Martin A. B. K. Amidu served as the Attorney-General and Minister of Justice of the Republic of Ghana from January 2011 till January 2012. Mr. Amidu is credited with introducing the word ‘gargantuan’, into the lexicon of Ghanaian politics when he revealed the Alfred Agbesi Woyome scandal,the worst financial scandal in Ghana’s history at the time.
Martin Amidu served as the Deputy Attorney-General for about the last four years of the Provisional National Defence Council military government. Amidu is a member of the National Democratic Congress(NDC) After civilian rule was established in the Fourth Republic in January 1993, he continued to serve in the government of Jerry Rawlings as Deputy Attorney-General. This he did for both terms lasting eight years until January 2001.

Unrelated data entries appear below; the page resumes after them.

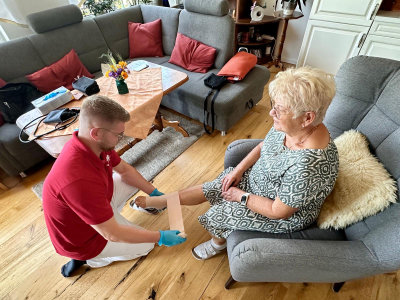 Ein Pfleger legt einer Patientin zuhause einen Fußverband
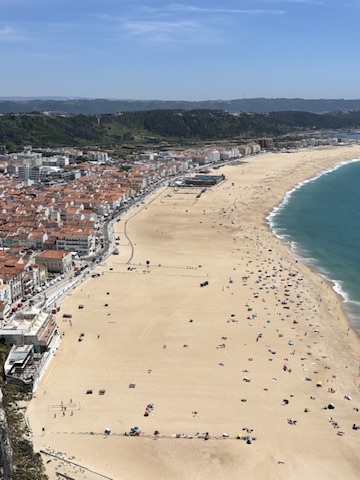 Aerial view of Nazaré beach with golden sand, turquoise water, and beachgoers scattered across the shore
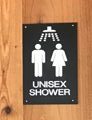 sign says unisex shower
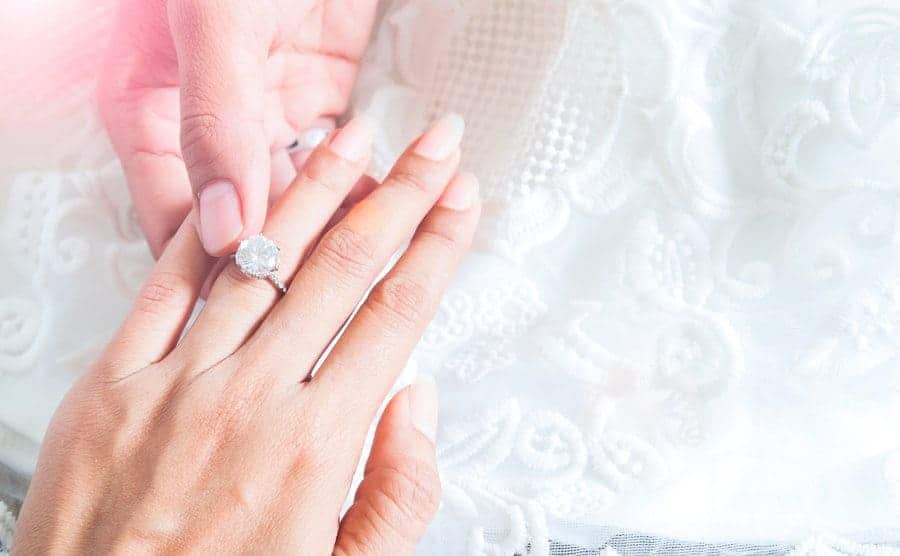 A man holding onto an engagement ring on a woman's hand 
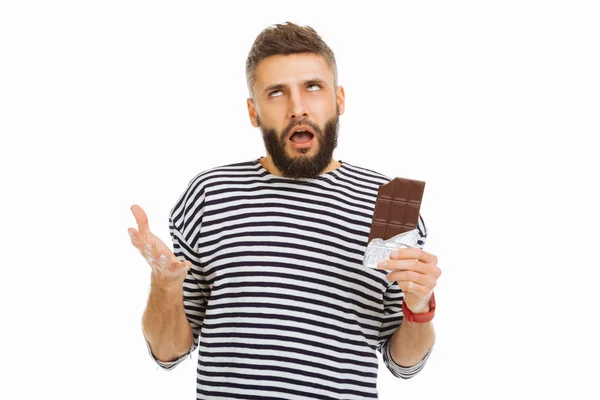 Un uomo scettico che tiene in mano una tavoletta di cioccolato — Foto Stock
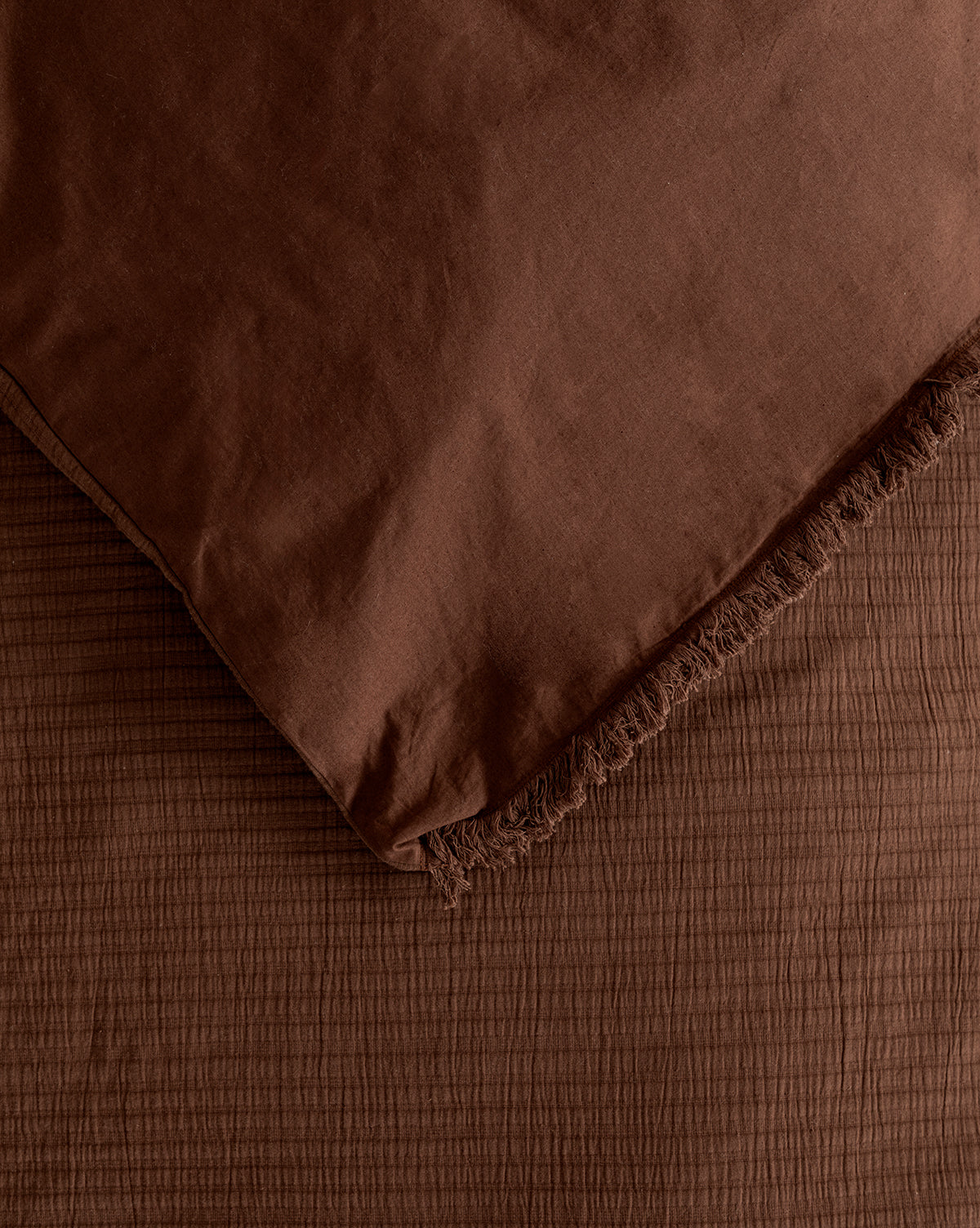 A close-up of the Hendricks Chocolate Cotton Duvet Cover with fringed edge draped over a textured brown surface in matching tones, creating a simple, cozy look.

In January 2010, following a cabinet reshuffle, President Mills replaced Cletus Avoka with Amidu as the Minister for Interior. As Amidu is a Builsa, some people raised questions as to his neutrality in dealing with the Bawku conflict. He however went successfully through vetting by the Parliament of Ghana and has since assumed his post.
Following the second major cabinet reshuffle by President Mills, Amidu became the Attorney general and Minister for Justice of Ghana.
Martin Amidu was relieved of his post on Thursday January 19, 2012 by President John Evans Atta Mills under circumstances described by aids as ‘his misconduct’ at a meeting chaired by the president at the Osu Castle on January 18, 2012.
He made allegations related to alleged financial impropriety on the part of another cabinet minister, allegations he was asked by the president to substantiate.
Martin Amidu, the former Attorney General, single-handedly challenged the legality of the payments after being relieved off his post at the Supreme Court.
The Supreme Court in 2014 ordered Mr. Woyome to pay back the money as Supreme Court judges unanimously granted the Attorney-General clearance to execute the court’s judgment, ordering Mr. Woyome to refund the cash to the state.
Following the delays in retrieving the money, Mr. Amidu in 2016, filed an application at the Supreme Court seeking to examine Alfred Woyome, on how he would pay back the money, after the Attorney General’s office under the Mahama Administration, led by the former Minister for Justice, Marietta Brew Appiah-Oppong, discontinued a similar application.
In February 2017 however, Mr. Amidu withdrew his suit seeking an oral examination, explaining that the change of government under the New Patriotic Party under His Excellency the President, Nana Addo Dankwah Akuffo Addo and his Attorney General, Miss Gloria Akuffo’s assurance to retrieve all judgment debts wrongfully paid to individuals Mr. Woyome in response prayed the Supreme Court to stay proceedings on the oral examination since he had filed for a review on the case. His lawyer, Ken Anku, argued that, his client will face an irreparable damage if the oral examination is allowed to take place but the deputy Attorney General, Godfred Dame, opposed the application, describing the reasons as incompetent and unmeritorious.
He has also been in private legal practice as a barrister and solicitor of the Supreme Court of Ghana and also as a private, professional conflict resolution consultant.
He has authored at least six outstanding legal publications ranging from The power of a court to convict an accused person for a lesser or included offence other than charged, through The qualification and the constitutional position of the Attorney-General to The scope and effect of judicial power in the enforcement and defence of the 1992 Constitution of Ghana.
His new calling as ‘citizen vigilante’ found expression in his introduction late last year, of the now very hackneyed word ‘gargantuan’ into Ghana’s politics, a word he used to describe the scale of fraud he insisted had been perpetuated by his colleagues in government against the state, especially in the fraudulent payment of court judgement debts to organisations and individuals.
Unlike many high-profile lawyers of his generation, Mr Amidu did not attend the best of second cycle schools.
After elementary school, he gained admission to a private educational institution in Tamale housed in makeshift structures and designated a commercial school by its founder and headmaster, Mr Ben Gogoe.
As the years went by, Mr Amidu was obsessed with books but especially political science books. He fed ravenously on Marx and Engels.
After law school, Mr Amidu like many young intellectuals of the time who had the outlook of ‘progressives’, drifted into the emerging leftist politics of the June Four Movement.
Mr Amidu graduated from the University of Ghana in 1976 with an LLB (Hons) and the Ghana Law School in 1978 with a Barrister/Solicitor at Law (BL) degree.
He also holds a Master of Arts Degree in Conflict Resolution from the Antioch University, Ohio, USA.
The former Attorney-General and Minister of Justice joined the NDC in 1992.
He was the party’s vice-presidential candidate in the December 2000 presidential elections which the NDC presidential candidate, the late Professor J.E.A Mills, lost to the New Patriotic Party’s (NPP’s) John Agyekum Kufuor.